INTENSIF: Jurnal Ilmiah Penelitian dan Penerapan Teknologi Sistem Informasi
Vol 8 No 1 (2024): February 2024

Mengungkap Wawasan: Pendekatan Penemuan Pengetahuan untuk Membandingkan Teknik Pemodelan dalam Topik Riset Kesehatan Digital

Rohajawati, Siti (Unknown)
Rahayu, Puji (Unknown)
Misky, Afny Tazkiyatul (Unknown)
Sholehah, Khansha Nafi Rasyidatus (Unknown)
Rahim, Normala (Unknown)
Setyodewi, R.R. Hutanti (Unknown)



Article Info

Publish Date
10 Feb 2024

Abstract

This paper introduces a knowledge discovery approach focused on comparing topic modeling techniques within the realm of digital health research.

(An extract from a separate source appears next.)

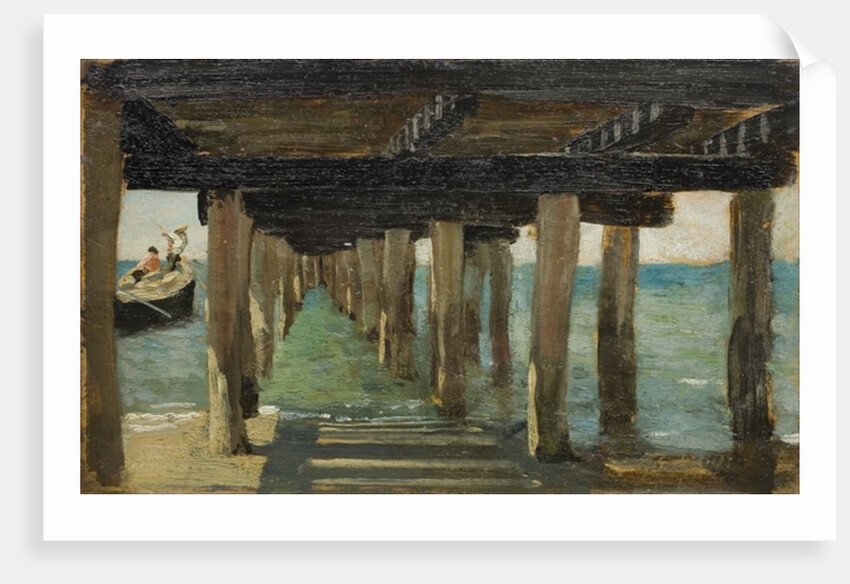 Under the Jetty by Henry Scott Tuke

Knowledge discovery has been applied in massive data repositories (databases) and also in various field studies, which use these techniques for finding patterns in the data, determining which models and parameters might be suitable, and looking for patterns of interest in a specific representational. Unfortunately, the investigation delves into the utilization of Latent Dirichlet Allocation (LDA) and Pachinko Allocation Models (PAM) as generative probabilistic models in knowledge discovery, which is still limited. The study's findings position PAM as the superior technique, showcasing the greatest number of distinctive tokens per topic and the fastest processing time. Notably, PAM identifies 87 unique tokens across 10 topics, surpassing LDA Gensim's identification of only 27 unique tokens. Furthermore, PAM demonstrates remarkable efficiency by swiftly processing 404 documents within an incredibly short span of 0.000118970870 seconds, in contrast to LDA Gensim's considerably longer processing time of 0.368770837783 seconds. Ultimately, PAM emerges as the optimum method for digital health research's topic modeling, boasting unmatched efficiency in analyzing extensive digital health text data.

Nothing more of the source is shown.